La Torre civica di Mestre apre alla città con un nuovo allestimento

Riapre al pubblico la Torre civica di Mestre. A presentare il nuovo allestimento dello storico spazio, restituito alla città dopo i recenti lavori di ripristino funzionali nel corso di una conferenza stampa, l’assessore comunale alla Gestione del Patrimonio e il dirigente del Settore Cultura, Michele Casarin. Presenti inoltre alcuni consiglieri e il presidente della Municipalità di Mestre Carpenedo.

“Un altro segnale - ha esordito l’assessore alla Gestione del Patrimonio - di forte attenzione alla città di terraferma, voluto dal sindaco e dall'Amministrazione tutta. Questo importante progetto, curato dal Settore Cultura del Comune di Venezia, consentirà, grazie alla collaborazione con l’associazione Pro Loco Mestre e all’opera dei suoi volontari, di tenere stabilmente aperto al pubblico uno dei luoghi simbolo della città. Un piccolo grande contributo alla valorizzazione di Venezia e delle tante espressioni dell’unicum veneziano”.

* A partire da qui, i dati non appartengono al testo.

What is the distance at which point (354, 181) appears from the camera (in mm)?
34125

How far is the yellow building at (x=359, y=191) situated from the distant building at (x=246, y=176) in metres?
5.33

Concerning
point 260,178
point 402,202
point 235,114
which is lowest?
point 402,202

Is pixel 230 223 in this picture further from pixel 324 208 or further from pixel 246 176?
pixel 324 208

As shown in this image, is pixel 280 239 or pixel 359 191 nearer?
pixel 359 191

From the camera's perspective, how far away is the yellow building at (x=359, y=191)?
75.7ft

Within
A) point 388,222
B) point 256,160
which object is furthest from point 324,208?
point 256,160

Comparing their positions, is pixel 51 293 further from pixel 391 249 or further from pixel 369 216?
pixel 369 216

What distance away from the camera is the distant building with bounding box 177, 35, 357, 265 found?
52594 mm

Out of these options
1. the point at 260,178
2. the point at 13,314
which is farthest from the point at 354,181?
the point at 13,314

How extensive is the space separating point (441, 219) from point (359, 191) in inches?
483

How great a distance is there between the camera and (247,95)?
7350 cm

Il progetto di allestimento è stato pensato per offrire alla cittadinanza, alle scuole e ai turisti alcuni elementi storici e contemporanei raccontati in 11 pannelli, in italiano e in inglese, per un primo approccio alla conoscenza della città. Il percorso si snoda dal piano terra, dove sono esposti il plastico del Castelnuovo curato dal Centro Studi Storici di Mestre e alcuni reperti archeologici del Fondo De Gelthof, fino all’ultimo piano dove, oltre a una grande immagine satellitare della città, sarà possibile vedere in loop centinaia di fotografie proiettate a muro.

Nel corso dell’anno saranno inoltre organizzate visite guidate, mostre fotografiche temporanee e piccole presentazioni di libri a tema. All’interno della Torre sarà infine possibile trovare informazioni su attività e manifestazioni culturali, oltre che sulle principali attrazioni turistiche.

“Questa operazione – commenta l’assessore al Turismo – rientra pienamente nel processo di sviluppo turistico e culturale della terraferma che abbiamo avviato fin dal nostro insediamento. Da adesso i tanti turisti che soggiornano a Mestre avranno a disposizione un’attrazione in più, un luogo antico dove avviarsi alla conoscenza della città contemporanea”.